**What is required:** Copy the entries that appear below in full, leaving out any picture among them.

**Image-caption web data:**

——————

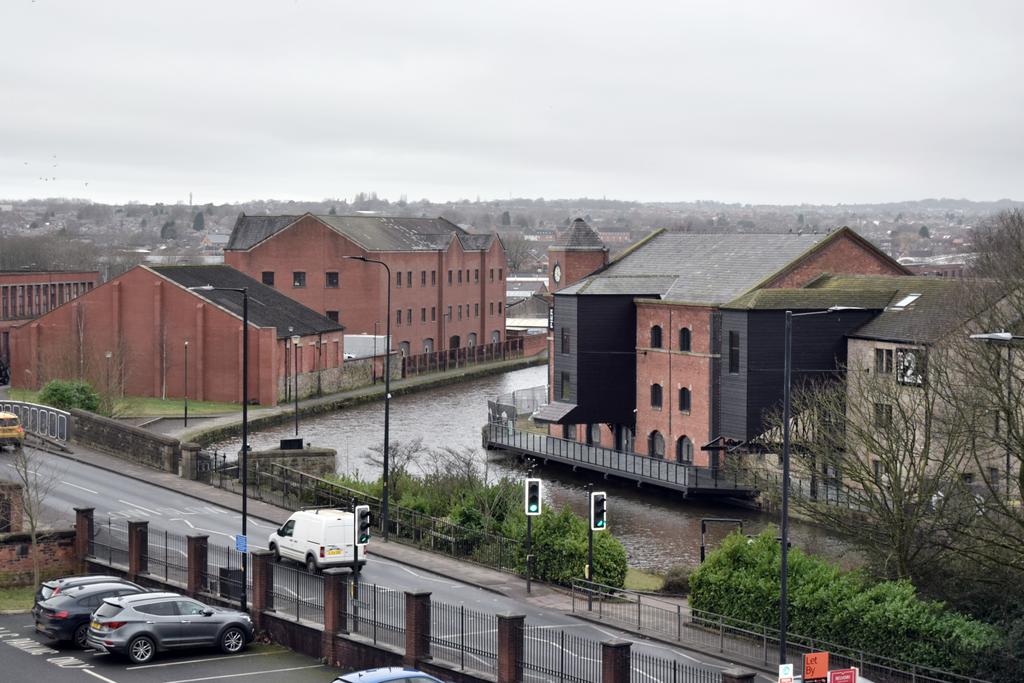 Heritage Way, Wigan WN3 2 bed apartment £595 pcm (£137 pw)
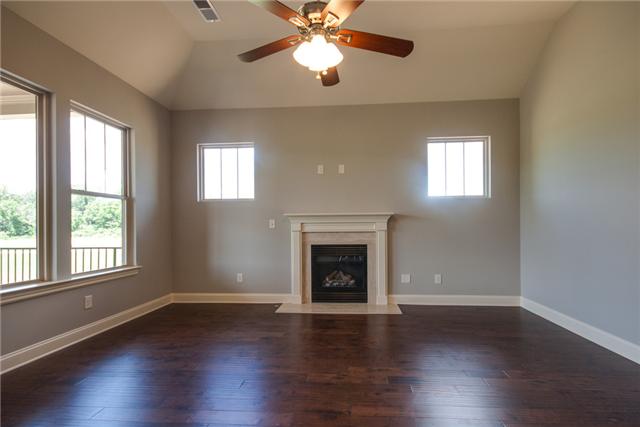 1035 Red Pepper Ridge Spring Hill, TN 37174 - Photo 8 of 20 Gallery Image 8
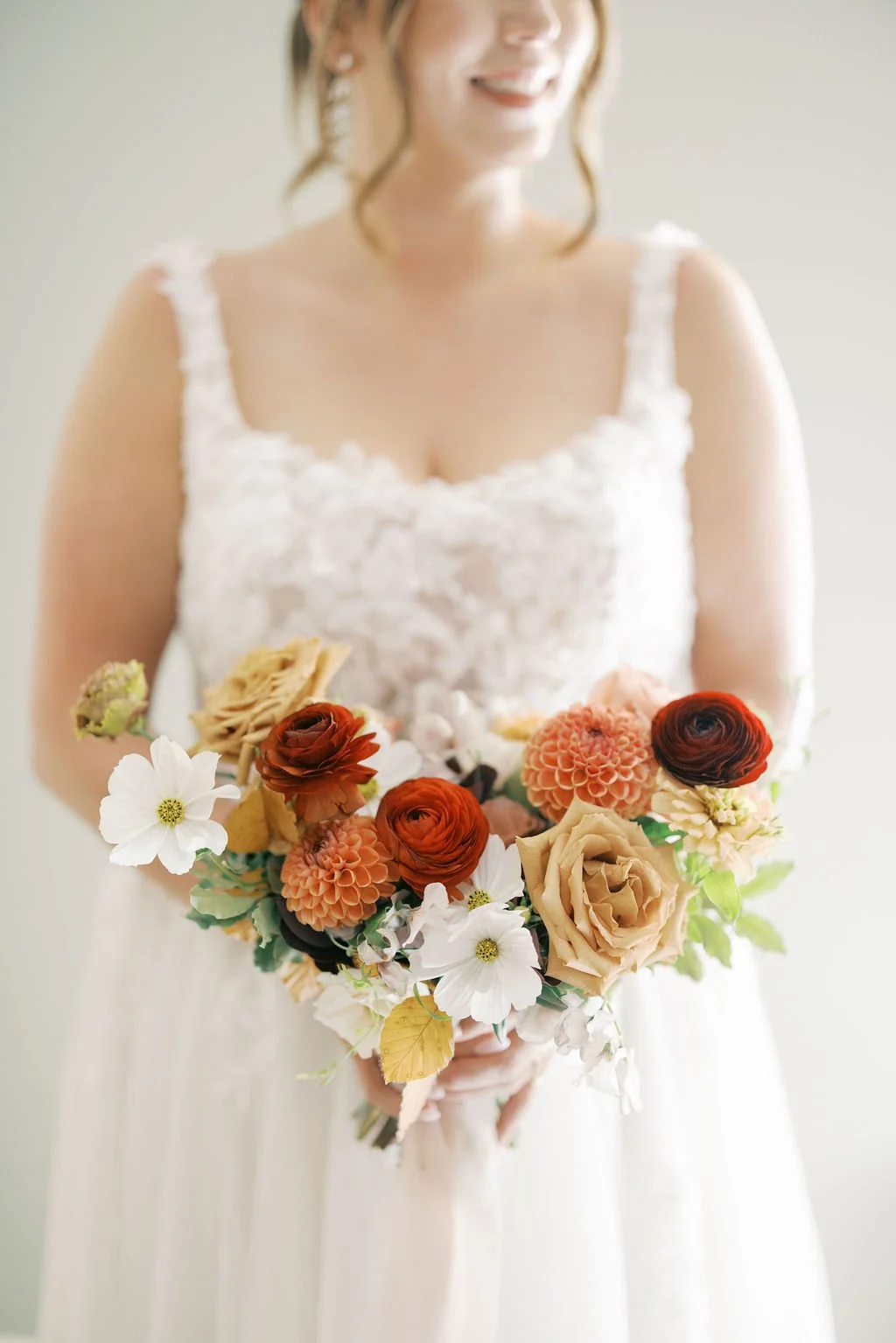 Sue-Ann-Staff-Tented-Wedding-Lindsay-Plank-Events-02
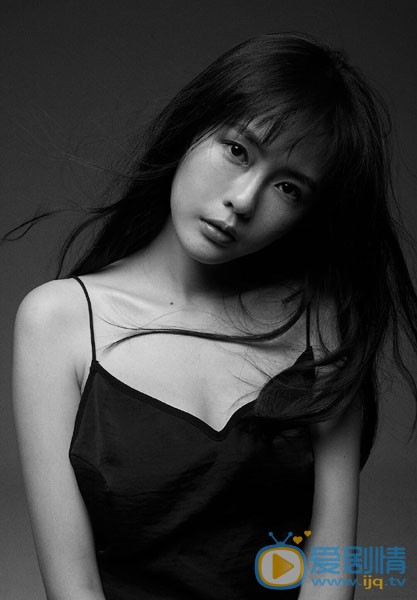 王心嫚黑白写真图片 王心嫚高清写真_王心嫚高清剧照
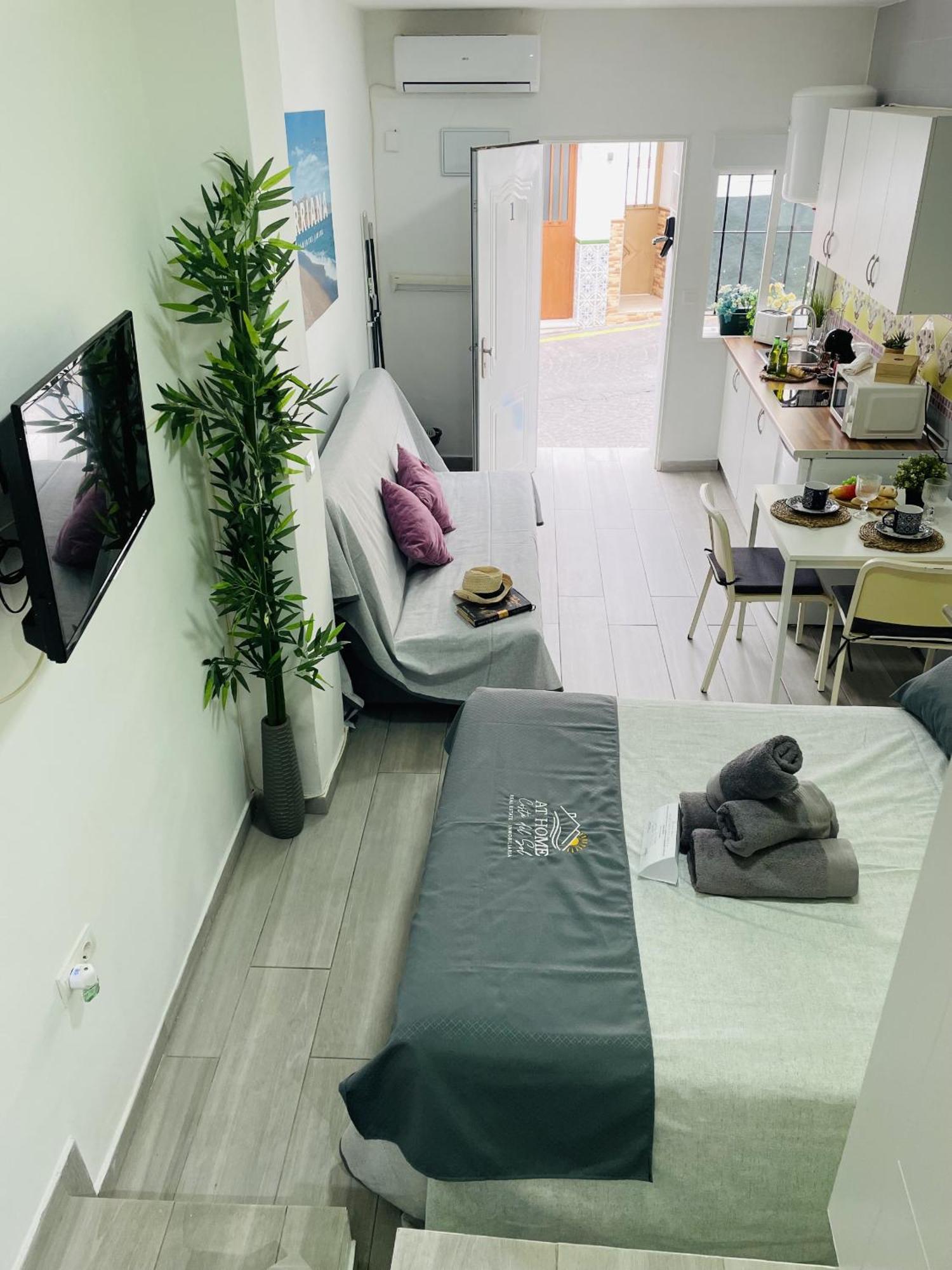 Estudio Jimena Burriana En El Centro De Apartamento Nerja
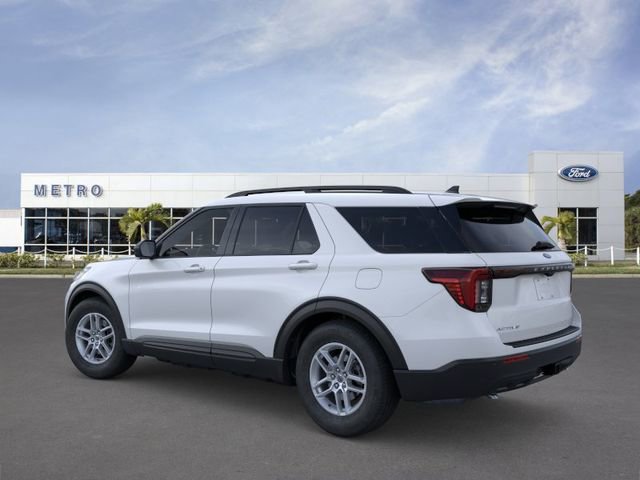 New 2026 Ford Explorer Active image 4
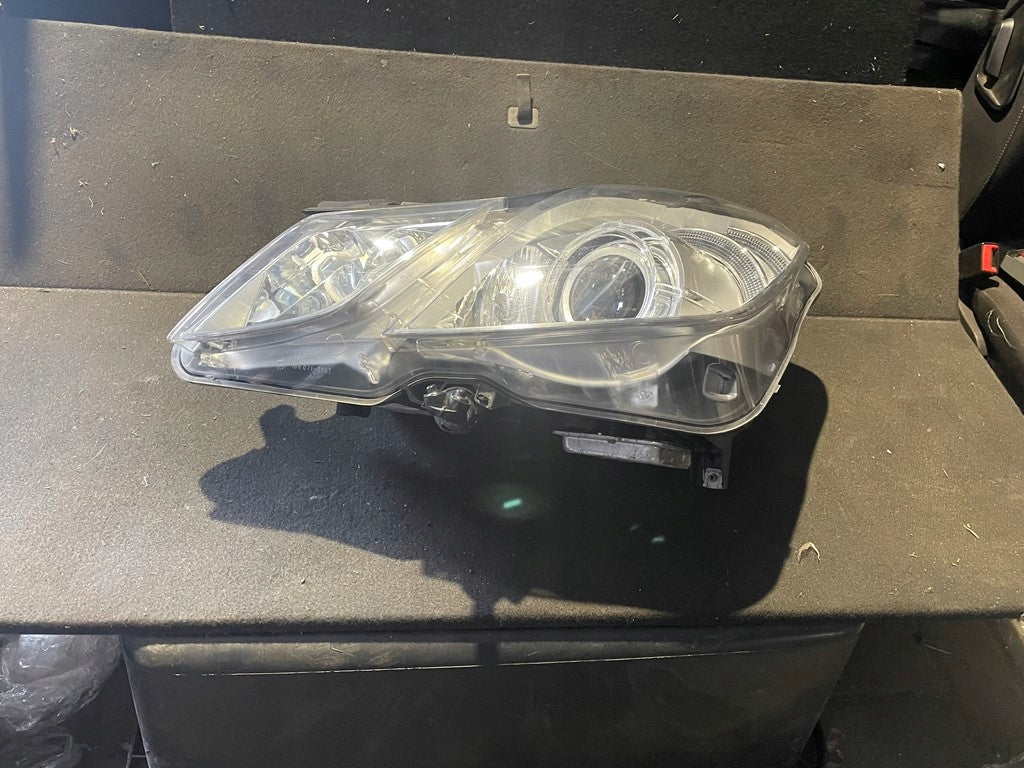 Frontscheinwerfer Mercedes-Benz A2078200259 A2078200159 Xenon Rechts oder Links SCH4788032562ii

——————

**Reply:**
 Heritage Way, Wigan WN3 2 bed apartment £595 pcm (£137 pw)
 1035 Red Pepper Ridge Spring Hill, TN 37174 - Photo 8 of 20 Gallery Image 8
 Sue-Ann-Staff-Tented-Wedding-Lindsay-Plank-Events-02
 王心嫚黑白写真图片 王心嫚高清写真_王心嫚高清剧照
 Estudio Jimena Burriana En El Centro De Apartamento Nerja
 New 2026 Ford Explorer Active image 4
 Frontscheinwerfer Mercedes-Benz A2078200259 A2078200159 Xenon Rechts oder Links SCH4788032562ii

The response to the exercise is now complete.